Dans cette dernière étude, une équipe internationale de scientifiques dirigée par le Dr. Stefan Kröpelin de l'université de Cologne (Allemagne) a étudié les sédiments du lac Yoa dans le nord du Tchad. Contrairement à la plupart des lacs de la région, le lac Yoa ne s'est jamais asséché, en raison de son alimentation par une couche aquifère souterraine. Au cours des 6 000 dernières années, été comme hiver, une couche de sédiments se déposait sur le lit du lac.

L'étude de la composition géochimique de ces sédiments, ainsi que des restes de plantes et d'animaux trouvés, a permis aux scientifiques de reconstituer un registre haute résolution détaillé de l'environnement saharien au cours des 6 000 dernières années. Leurs résultats sont publiés dans la dernière édition de la revue Science.

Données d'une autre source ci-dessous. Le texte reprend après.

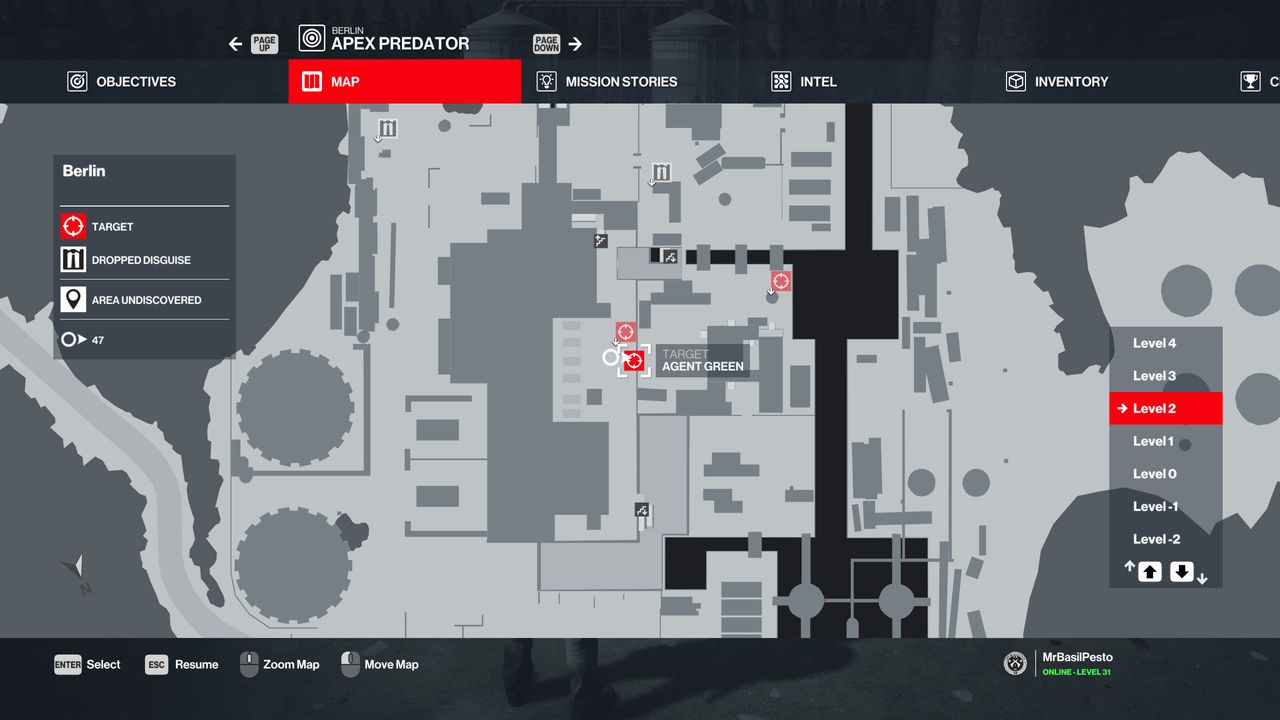 hitman 3 berlin agent location - green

D'après les conclusions des chercheurs, l'assèchement du Sahara s'est fait progressivement entre 5 600 et 2 700 en arrière, en réponse à une baisse progressive des pluies de mousson tropicale. La baisse de la pluviométrie a conduit au remplacement des arbres tropicaux des prairies herbeuses par la végétation caractéristique du Sahel ; a suivi la perte du couvert herbacé et la mise en place des plantes désertiques pouvant résister aux conditions extrêmes du désert.




Jusqu'à présent, le cas de l'assèchement du Sahara était utilisé pour démontrer que les changements environnementaux peuvent se révéler très rapides si certains points de rupture sont atteints.

Par ailleurs, les scientifiques mettent l'accent sur l'importance des informations concernant la rapidité de ces changements pour mieux comprendre l'interaction entre les systèmes tropicaux et les systèmes de prévisions météorologiques à latitude moyenne.

1. Le pays des bœufs :



Dans l’antiquité, toute cette superficie était verdoyante et habitée par des hommes blancs, noirs ou métissés. A partir de 5500 avant le Christ, une grande civilsation pastorale s’y est développée avec une prédominance marquée pour l’élevage des bovins d’où le nom Le pays des bœufs, qui lui a été attribué par les Egyptiens (d’après la traduction des hiéroglyphes égyptiens.)

Cette grandiose civilisation pastorale va subir une désertification continue et inexorable qui va pousser ses habitants à se faire des guerres pour occuper les lieux pourvus d’eau et obliger d’autres à s’expatrier.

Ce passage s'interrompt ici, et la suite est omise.